TASK ITEM
Output only the lines that run from the line holding "Female Brown Sunglasses At Martha Munn Blog" to the end of the data below, including both ends, without any pictures.

SOURCE MATERIAL
■ ■ ■ ■ ■

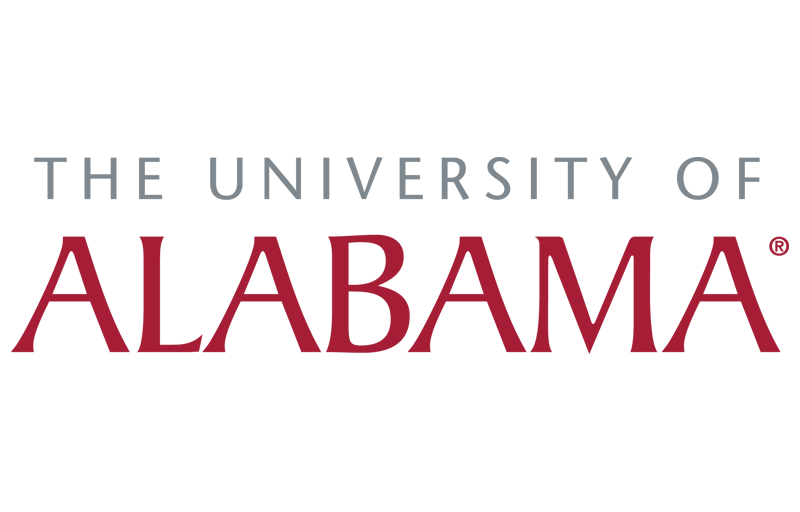 University of Alabama Logo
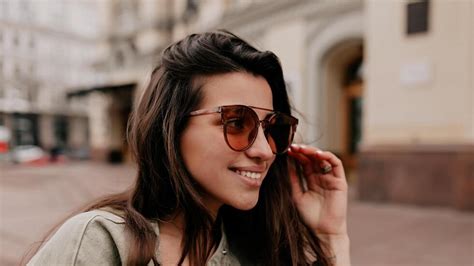 Female Brown Sunglasses At Martha Munn Blog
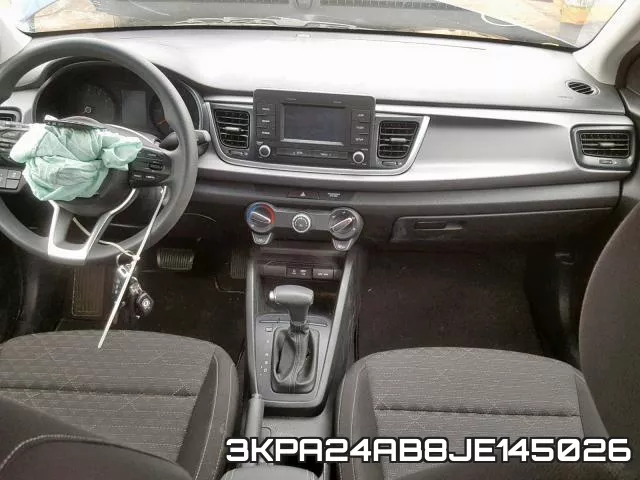 3KPA24AB8JE145026 фото 10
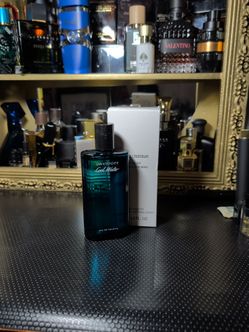 Cool water Cologne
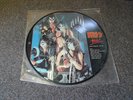 KISS THIS LIRE IN ROME  EXPLICIT PICTURE DISC ALBUM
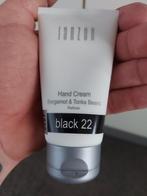 Janzen crème hand skin 90 en Black 22, Nieuw, Ophalen of Verzenden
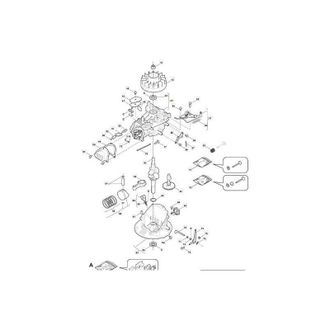 STIGA Sports Cilindro Stiga Original - 118550729/0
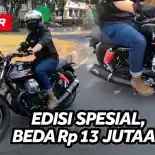 VIDEO: Moto Guzzi V7 Stone Special Edition - First Ride | OtoRider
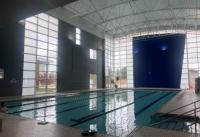 Ridgeview Indoor Pool
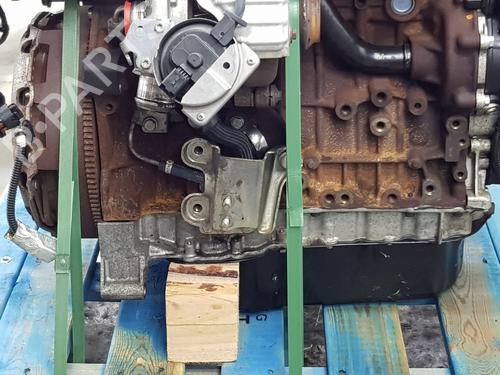 Engine CITROËN JUMPER II Van 2.2 BlueHDi 140 | BP29358720M1 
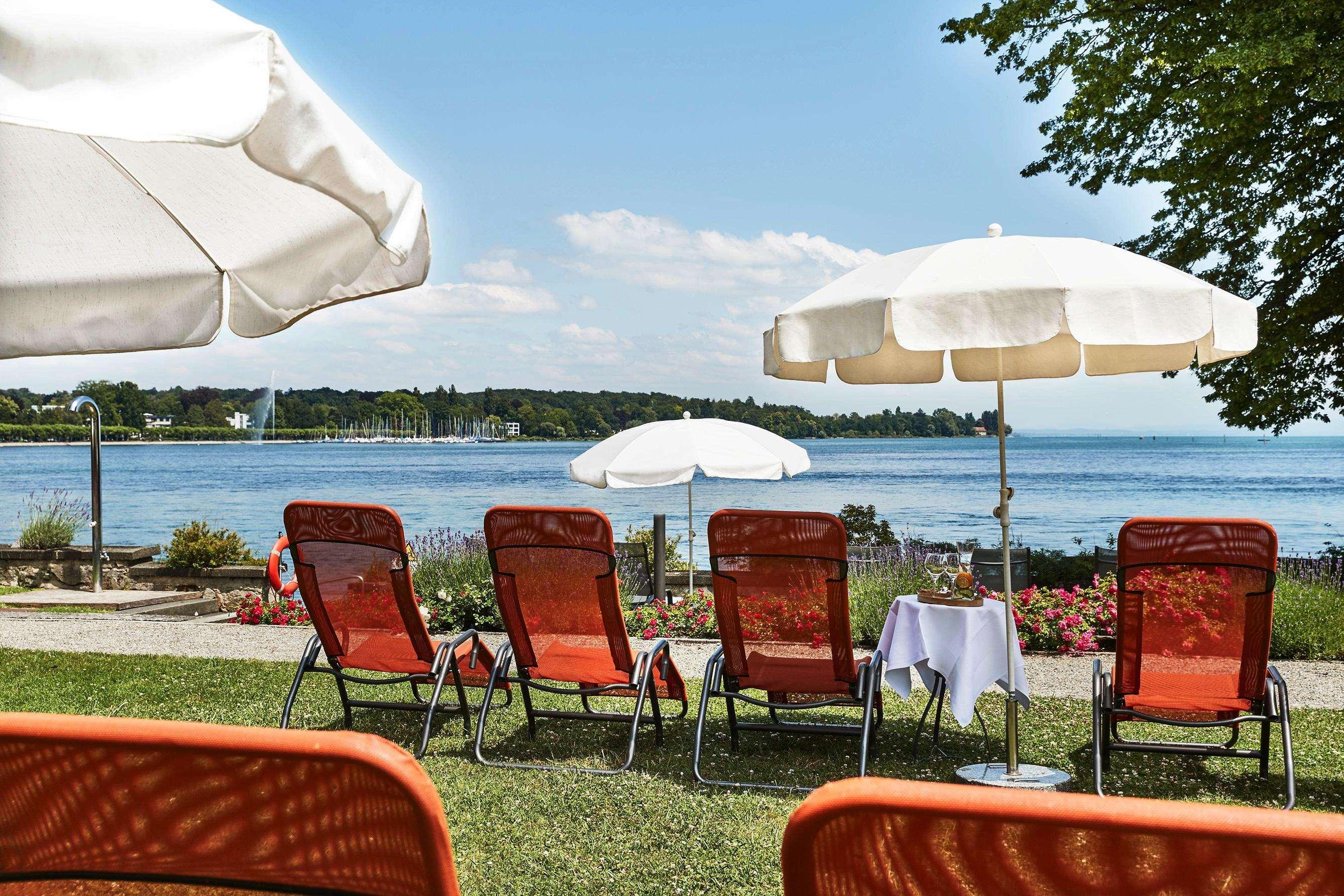 Steigenberger Inselhotel 5*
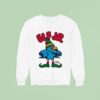 Ft Wright Drama Elf Jr Sweatshirt
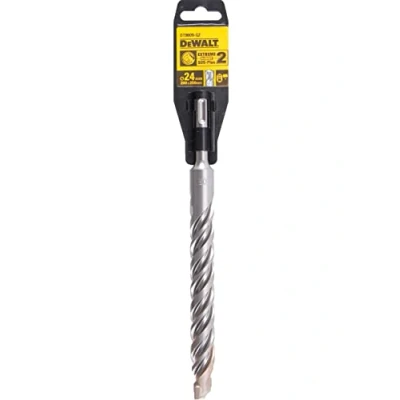 Image of DeWalt SDS Plus Extreme 2 Drill Bit 24 x 250MM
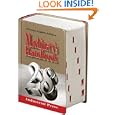 Machinery's Handbook Toolbox Edition by Oberg, Jones, Horton, and and Ryffel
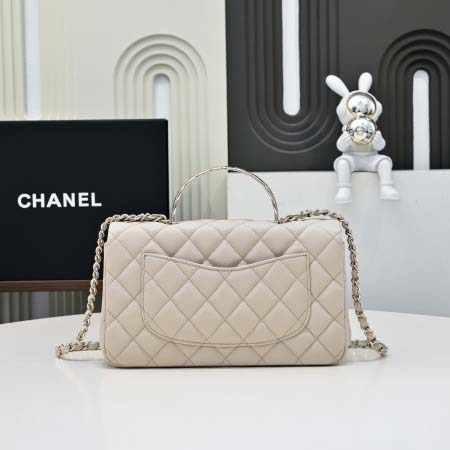 2025年7月17日入荷新作シャネル バッグ最高級品25S Chane1 25s Size：11.5*18*7cm小 5554 Size：13.5*23*7cm大恋人プレゼント/誕生日/母の日/母のひプレゼント/お祝い女性結婚祝い/KK工場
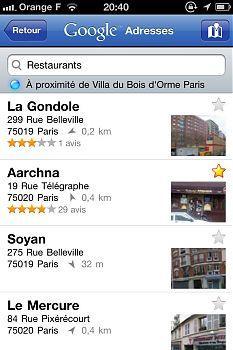 Mobilité et proximité, 1,2,3, Soleil ! [3]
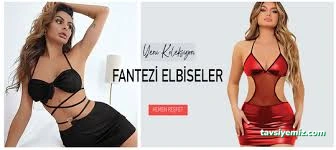Mite Love Fantazi İç Giyim Mite Love Fantazi İç Giyim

■ ■ ■ ■ ■

EXERCISE RESULT
 Female Brown Sunglasses At Martha Munn Blog
 3KPA24AB8JE145026 фото 10
 Cool water Cologne
 KISS THIS LIRE IN ROME  EXPLICIT PICTURE DISC ALBUM
 Janzen crème hand skin 90 en Black 22, Nieuw, Ophalen of Verzenden
 STIGA Sports Cilindro Stiga Original - 118550729/0
 VIDEO: Moto Guzzi V7 Stone Special Edition - First Ride | OtoRider
 Ridgeview Indoor Pool
 Engine CITROËN JUMPER II Van 2.2 BlueHDi 140 | BP29358720M1 
 Steigenberger Inselhotel 5*
 Ft Wright Drama Elf Jr Sweatshirt
 Image of DeWalt SDS Plus Extreme 2 Drill Bit 24 x 250MM
 Machinery's Handbook Toolbox Edition by Oberg, Jones, Horton, and and Ryffel
 2025年7月17日入荷新作シャネル バッグ最高級品25S Chane1 25s Size：11.5*18*7cm小 5554 Size：13.5*23*7cm大恋人プレゼント/誕生日/母の日/母のひプレゼント/お祝い女性結婚祝い/KK工場
 Mobilité et proximité, 1,2,3, Soleil ! [3]
Mite Love Fantazi İç Giyim Mite Love Fantazi İç Giyim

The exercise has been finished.